题名特定领域网络信息处理关键技术研究
作者李蕾
学位类别博士
答辩日期2007-05-25
授予单位中国科学院声学研究所
授予地点声学研究所
关键词Web技术 信息提取 快速傅立叶变换 信息聚合 交互式知识系统
其他题名Research on Key Technologies for Domain-Specific Network Information Processing
学位专业信号与信息处理
中文摘要随着Internet和Web技术的飞速发展和普及,信息获取已经从手工获取、计算机获取,发展到网络获取。在计算机获取时期,特定领域信息处理主要表现为某领域的专业人员在特定领域的计算机软件辅助下进行信息获取、综合与检索。进入网络信息时代,各种各样的信息越来越集中发布到网络上,人们在同一个平台上可以互动与合作。于是,如何在以网络为中心的信息时代,让特定领域信息处理更具有专业准确性,功能更丰富,使用更便捷人性化,成为具有重大价值的研究课题。 为了在浩如烟海的网络世界中筛选出所需的信息,需要现代信息获取技术的主要工具——搜索引擎的帮助。

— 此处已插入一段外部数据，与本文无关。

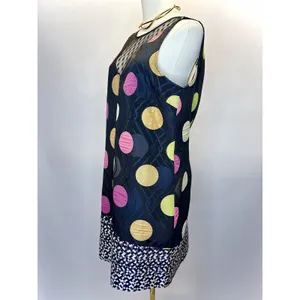 Maeve Anthropologie‎ Polka Dot Metallic Shift Dress Size Small Mod Art Deco thumbnail 4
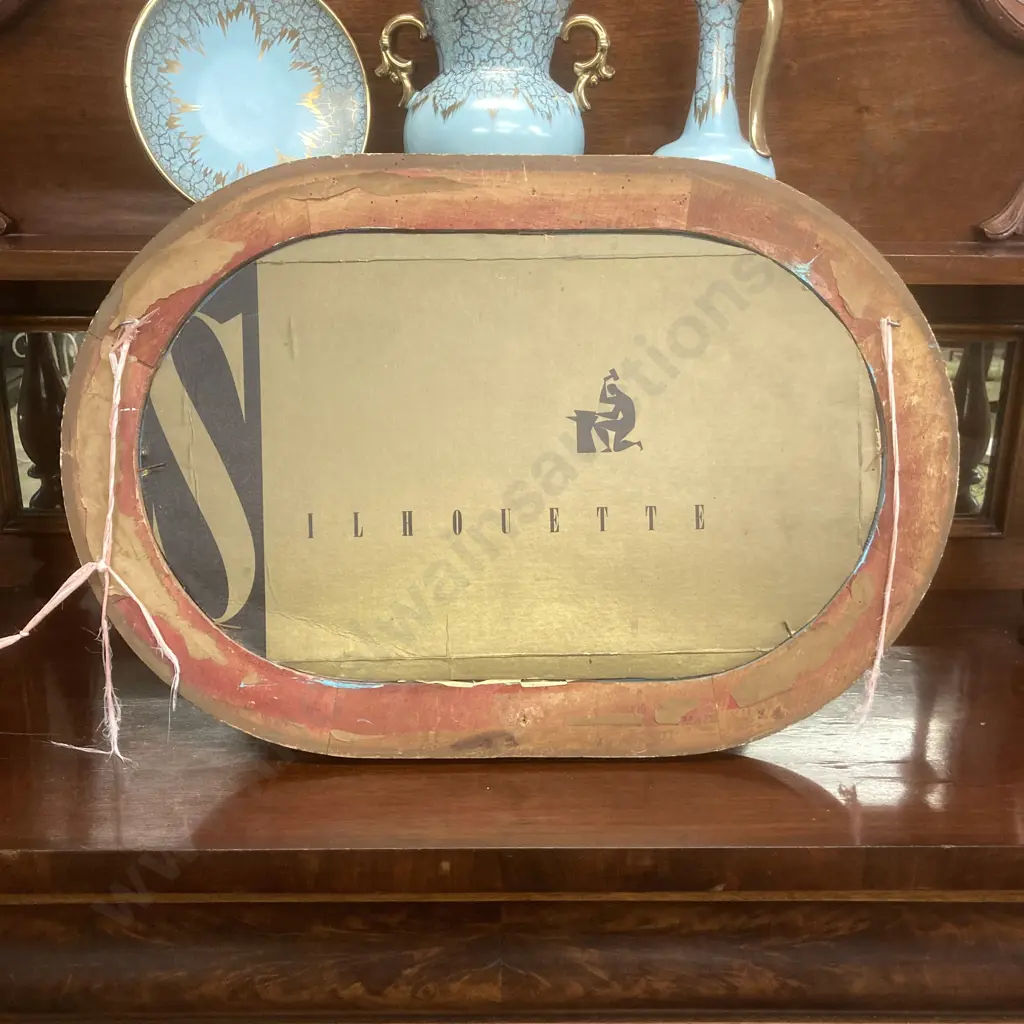 Antique Walnut Framed Oval Mirror With Raised Floral Detail, 41 x 61cm Image 1++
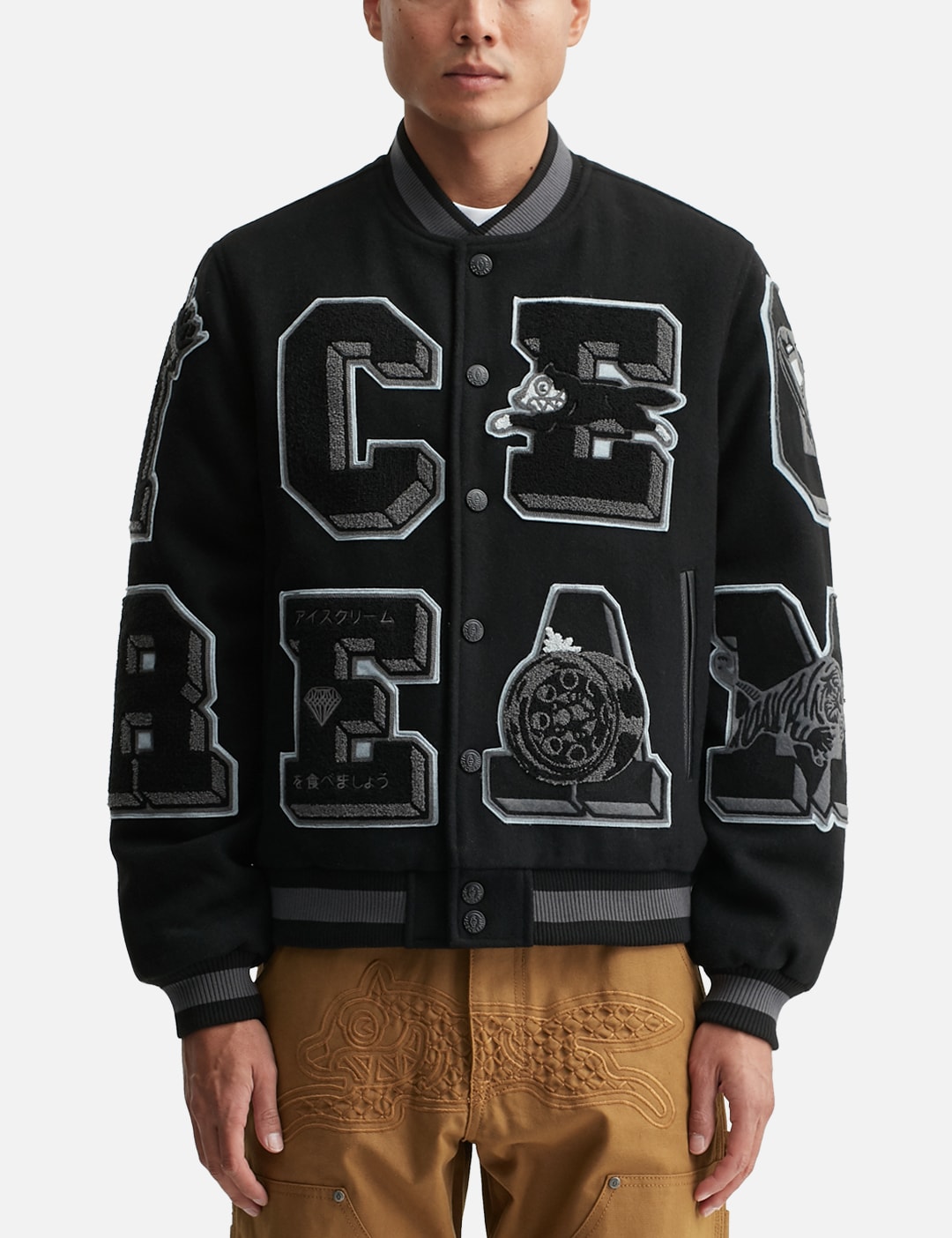Needles piping quilt jacket python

但传统搜索引擎存在返回信息量过大、查询不准确、深度不够等问题,不能满足特定领域的信息处理的需求。为此,本文结合新媒体的特征和Web2.0的思想,研究了网络信息处理的关键技术,提出了一种面向特定领域(旅游信息服务)的信息收集、提取、查询、检索、聚合和展现的网络信息处理整体解决方案。该系统充分挖掘互联网信息中的地理位置特征,改善检索结果的组织,提高了查准率,丰富了信息的检索模式。特定领域网络信息处理系统注重有用信息的获取、管理和分享,重视用户体验、用户参与,能更好的适应网络信息形态的新特点,满足用户个性化的需求。 本文主要研究工作和成果如下: 1、设计了垂直搜索引擎系统模型及强结构化处理方法;通过分析“正文式”网页的页面结构特征,提出并实现了基于快速傅立叶变换(FFT)的网页有效信息提取算法。该算法采用窗口分段的方法,基于统计学原理和FFT求解最佳正文区间。实验结果表明,此方法能比较准确的提取“正文式”网页的有效信息;无须对具体网页结构进行分析即可提取网页正文内容,具有良好的通用性。 2、设计并实现了二维网络信息聚合模型,丰富了信息的检索模式,改善了检索结果的组织。通过架构描述、针对旅游领域的系统设计和实验示范表明:二维地理模型与网络信息聚合技术的结合,不仅丰富了网络信息聚合的模式,还优化了用户的交互体验,提高了检索效率。 3、构建了互动问答知识系统。该系统融合注重用户参与、用户建设、用户体验等Web2.0的思想,利用自然语言理解技术对知识库进行智能搜索,自动挑选最佳答案,从而帮助用户方便、快捷、准确地找到所提问题的答案,利用用户的评价反馈完善动态知识库。 4、把本文的研究成果,应用到一个商用平台——新媒体旅游增值服务网站的设计与实现之中。作为本文网络信息处理系统的研究与实践平台,该应用实例同时使我们更明确了研究方向和应用前景。该商用网站从2006年6月开始运营,日平均独立IP访问数大于3万(截止到2007年4月底)。该网站利用聚合、二维聚合以及垂直搜索等技术,提供了丰富有效的旅游信息和搜索功能;用户可以通过该网站用个人电脑及手机搜索景点、酒店、旅游线路、机票、火车票等旅游信息,并进行即时互动交流。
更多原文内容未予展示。